RECORD EXTRACTS:
BEGIN
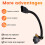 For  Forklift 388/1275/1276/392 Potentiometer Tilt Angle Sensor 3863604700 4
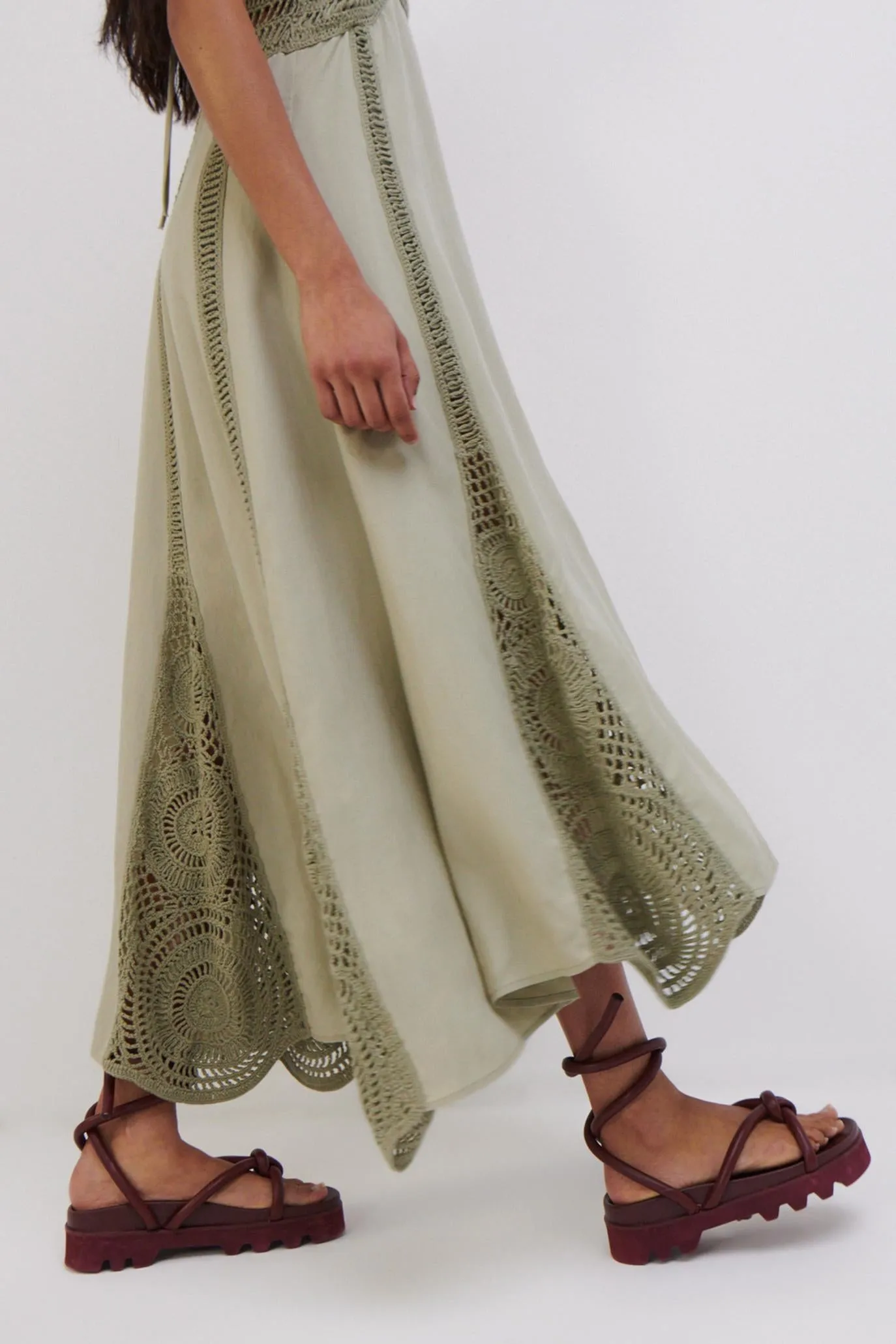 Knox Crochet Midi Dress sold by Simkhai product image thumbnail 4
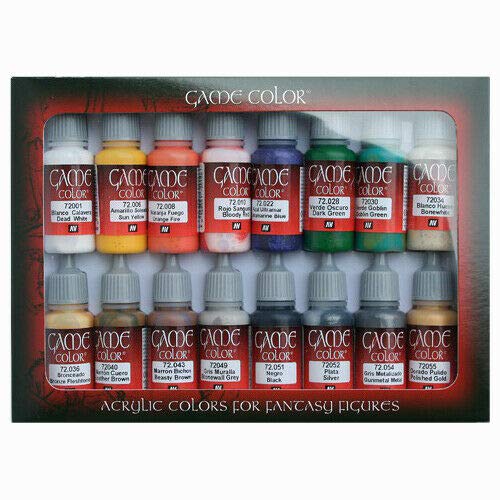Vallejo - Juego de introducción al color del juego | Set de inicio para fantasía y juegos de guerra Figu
END
BEGIN
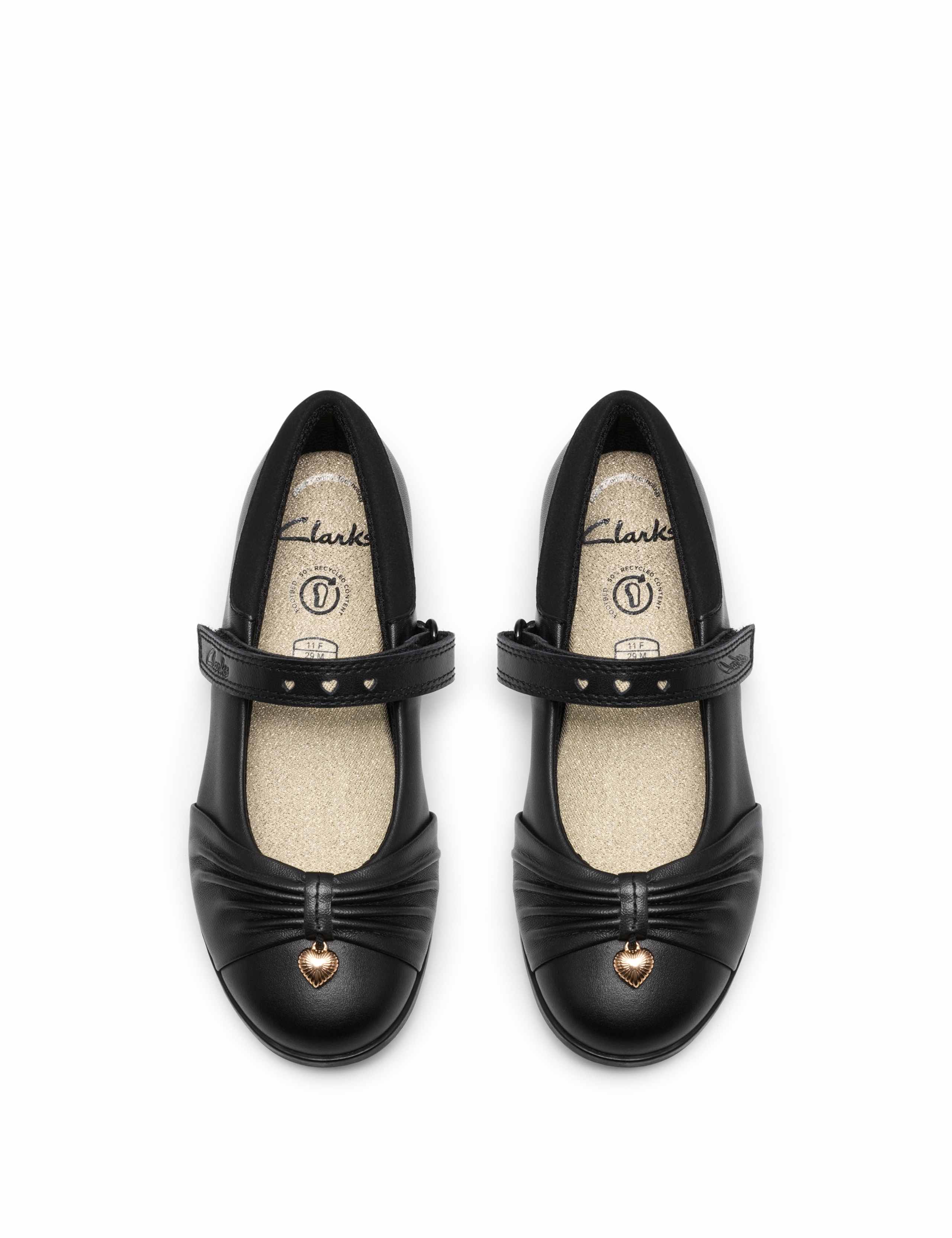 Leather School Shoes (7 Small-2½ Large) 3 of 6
END
BEGIN
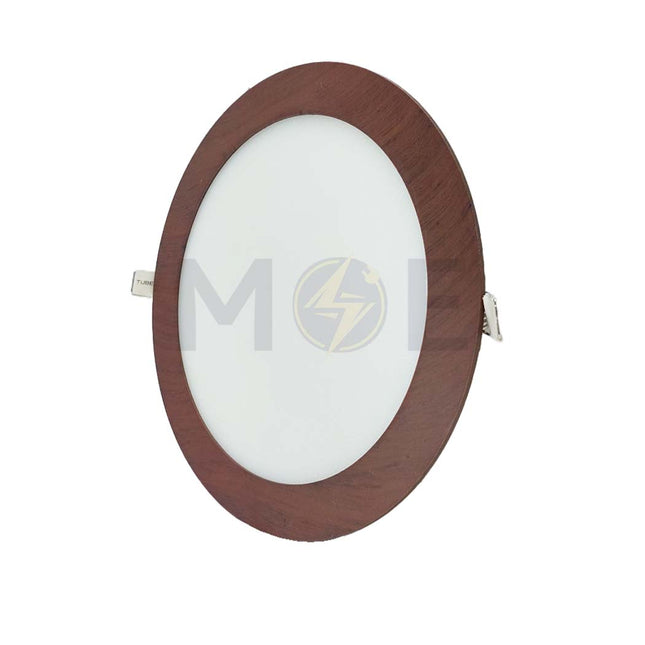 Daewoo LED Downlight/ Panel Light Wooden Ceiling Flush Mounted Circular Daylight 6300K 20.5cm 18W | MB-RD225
END
Within the data above, repeat exactly the lines from the one bearing "Knox Crochet Midi" through the one bearing "Vallejo - Juego". Include no pictures and nothing else.

RESPONSE AREA:
 Knox Crochet Midi Dress sold by Simkhai product image thumbnail 4
Vallejo - Juego de introducción al color del juego | Set de inicio para fantasía y juegos de guerra Figu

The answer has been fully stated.